<<<<
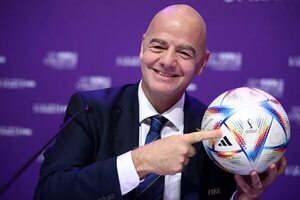 En septiembre comienzan Eliminatorias Sudamericanas para Mundial 2026 - Fútbol Internacional - ABC Color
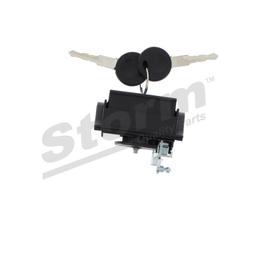 Serrure de capot de coffre STORM QUALITY PARTS 96029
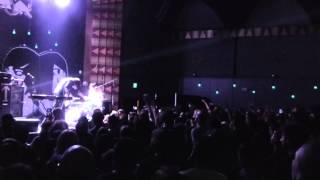 Death From Above 1979 - The Physical World (Regent Theatre, Los Angeles CA 11/14/14)
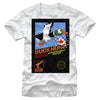 Men's Nintendo NES Duck Hunt  Adult T-Shirt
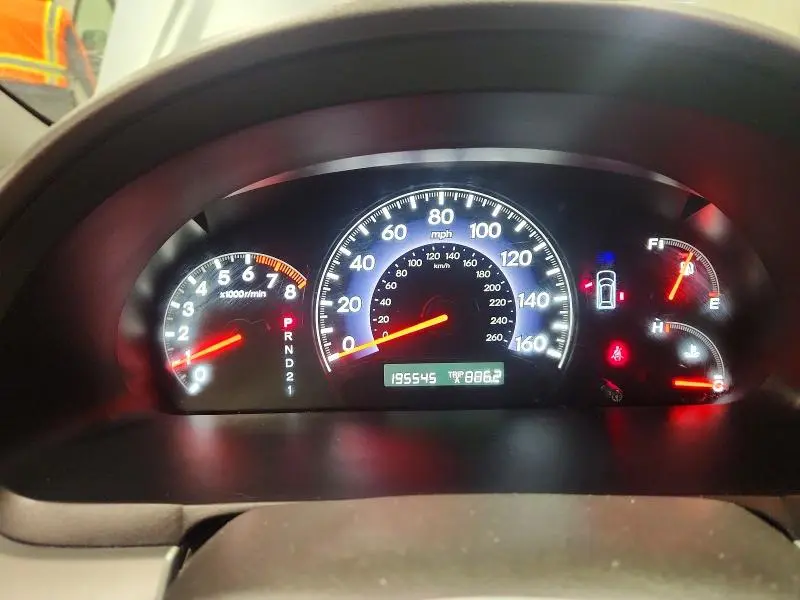2010 HONDA ODYSSEY EX  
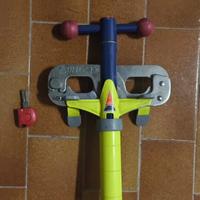 Bullock antifurto meccanico per auto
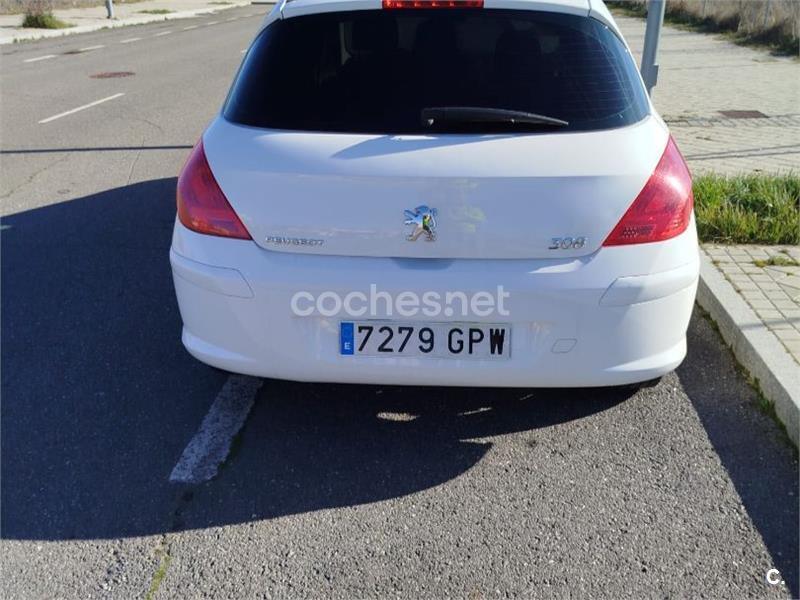 PEUGEOT 308 Sport 1.6 HDI 110 FAP 5 velocidades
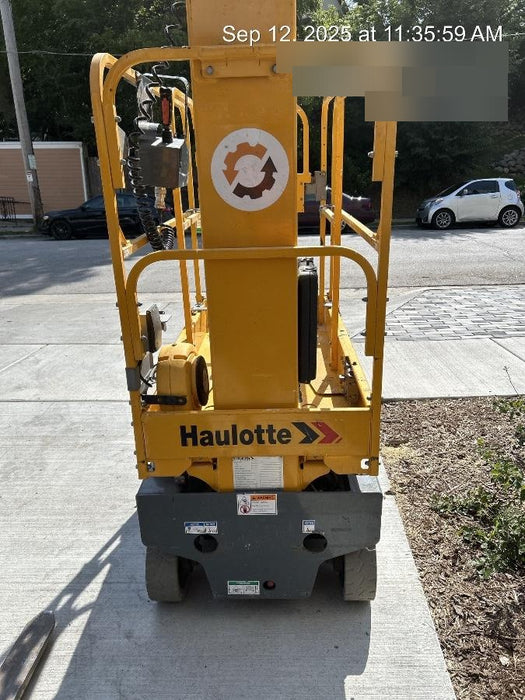 2019 HAULOTTE Star 20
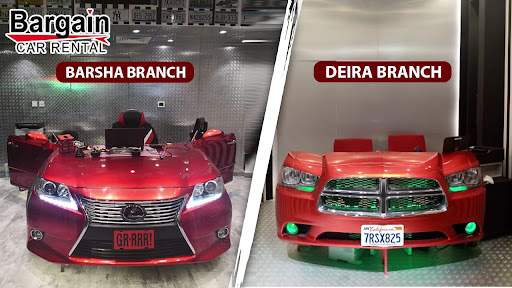 Bargain Car Rental & Chauffeur Service Deira — AUTOMOTIVE in Dubai — photo 1
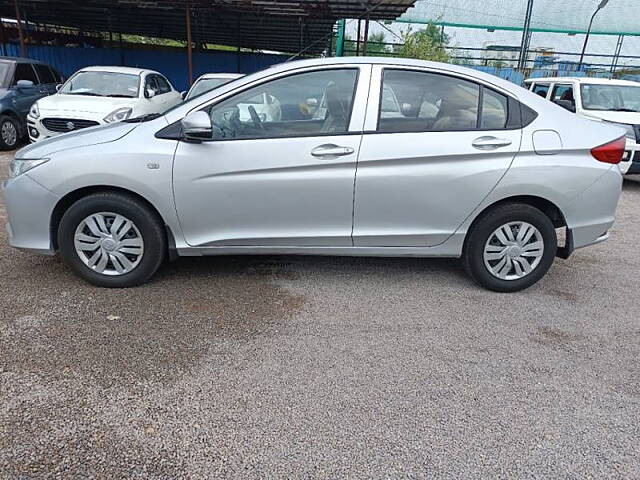 Used Honda City [2014-2017] E Diesel in Hyderabad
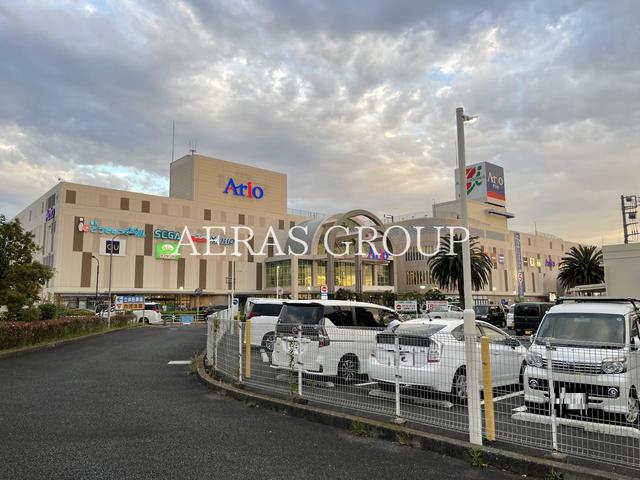 ショッピングセンター　アリオ葛西（ショッピングセンター）まで1022m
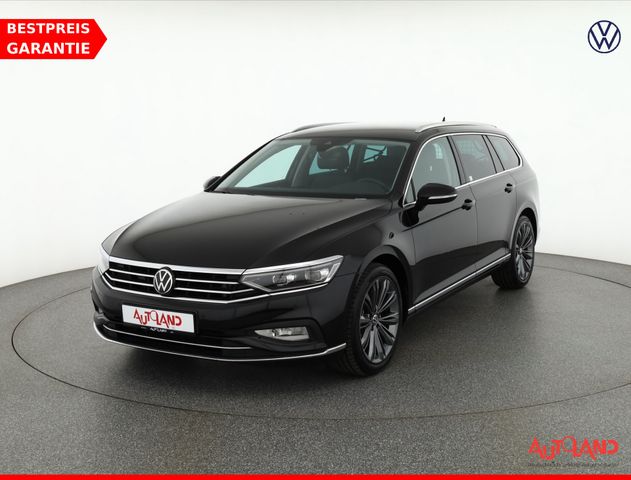 Volkswagen Passat 2.0 TDI Elegance Leder LED Navi Kamera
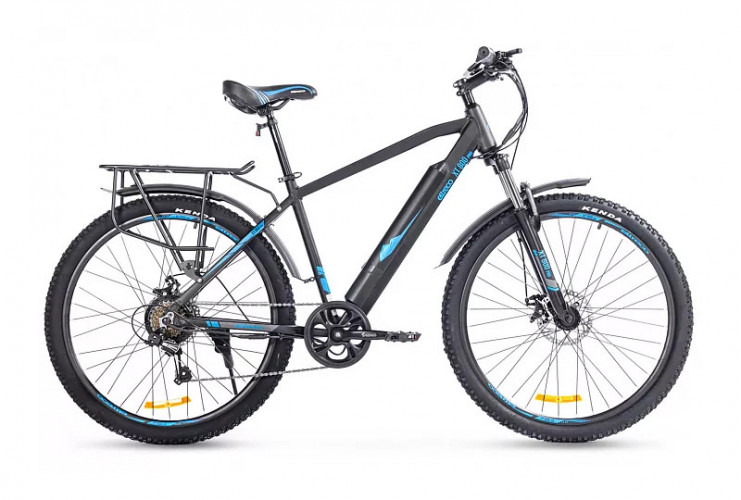 Электровелосипед Eltreco XT 800 Pro в Саратове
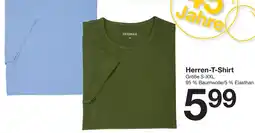 Zeeman Herren-T-Shirt Angebot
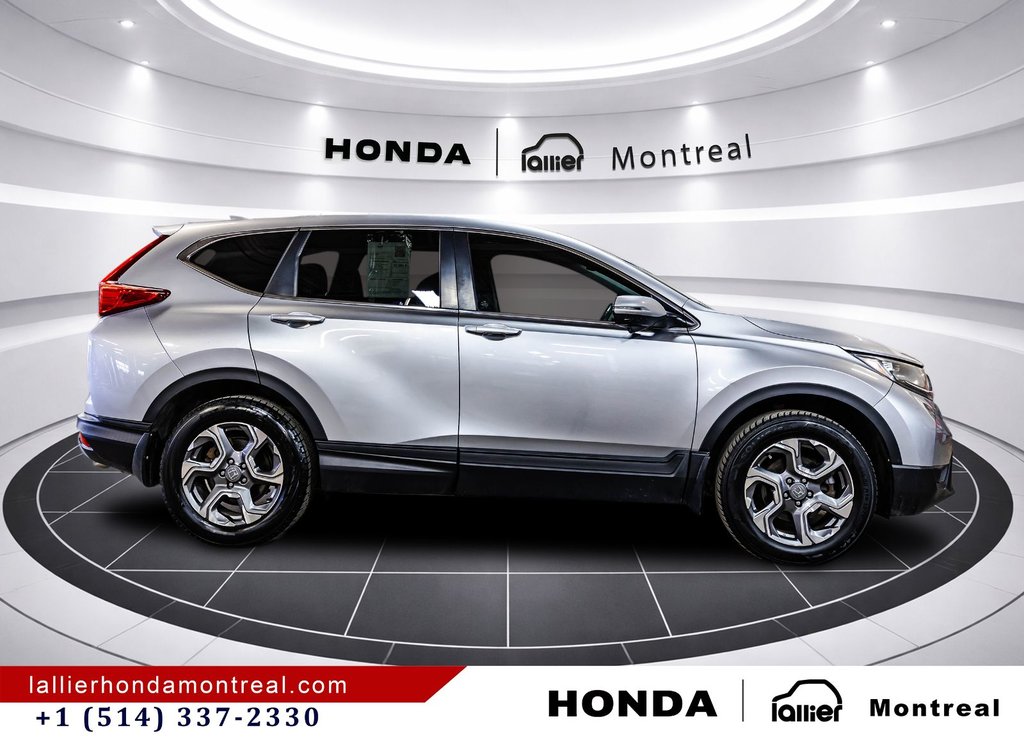 2018 Honda CR-V EX-L in Montréal, Quebec - 8 - w1024h768px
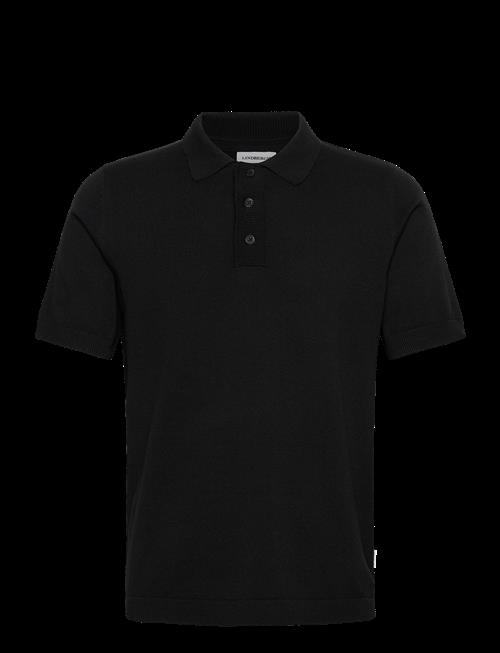 Lindbergh | Knittet S/S Polo | S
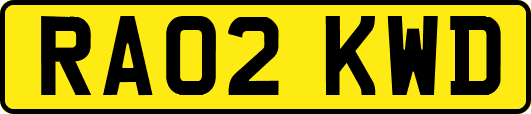 RA02KWD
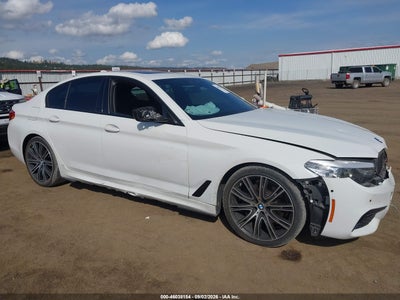 BMW 540I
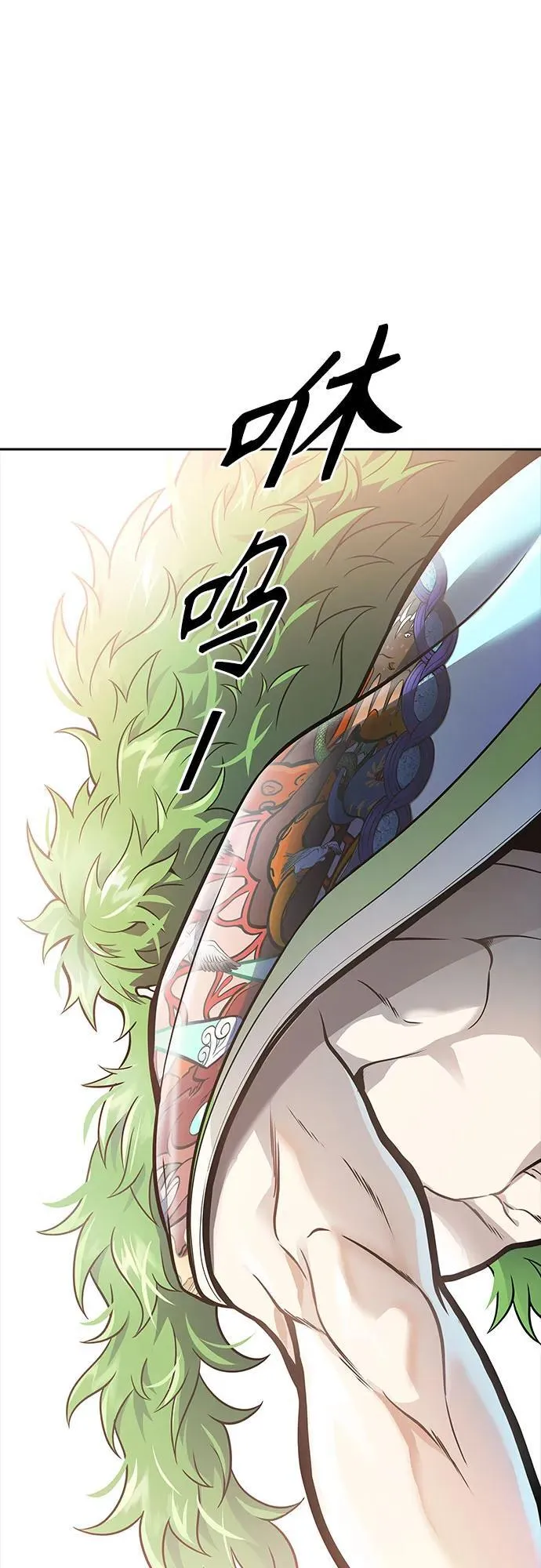 [第3季] 第231话 - 族长的战斗 V 3 第3页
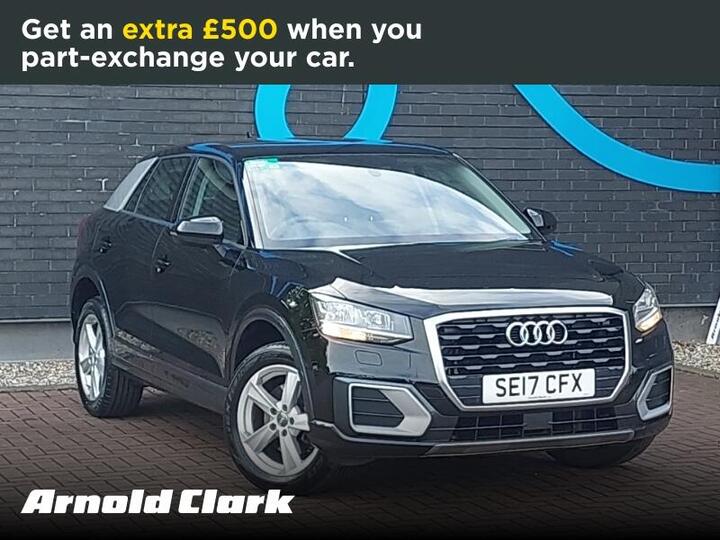Audi Q2 1.4 TFSI CoD Sport Euro 6 (s/s) 5dr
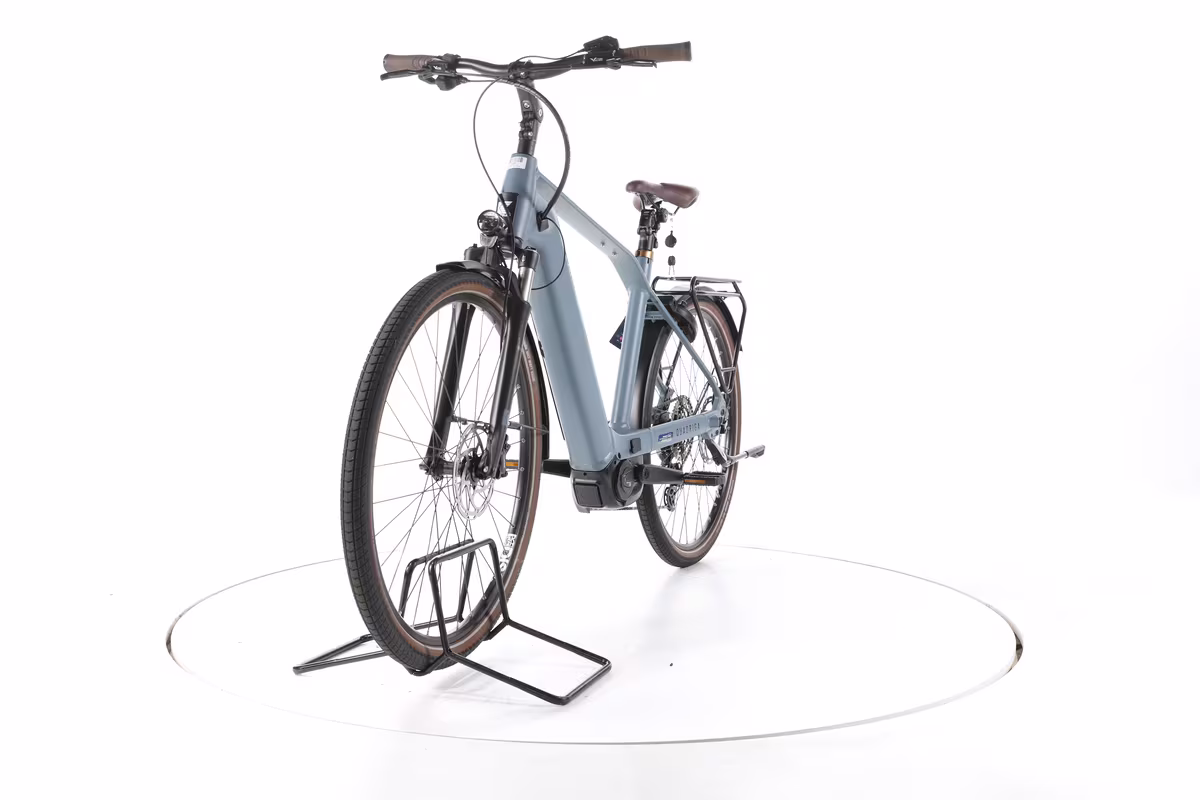 Kettler Quadriga CX 10 Vélo Électrique de Trekking - Miniature 5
>>>>
**TASK BRIEF**
Copy exactly the lines that begin at the one containing "Audi Q2 1.4 TFSI CoD Sport Euro 6 (s/s) 5dr" and end at the last line of the records, both included, omitting the pictures.

**ANSWER SPACE**
Audi Q2 1.4 TFSI CoD Sport Euro 6 (s/s) 5dr
 Kettler Quadriga CX 10 Vélo Électrique de Trekking - Miniature 5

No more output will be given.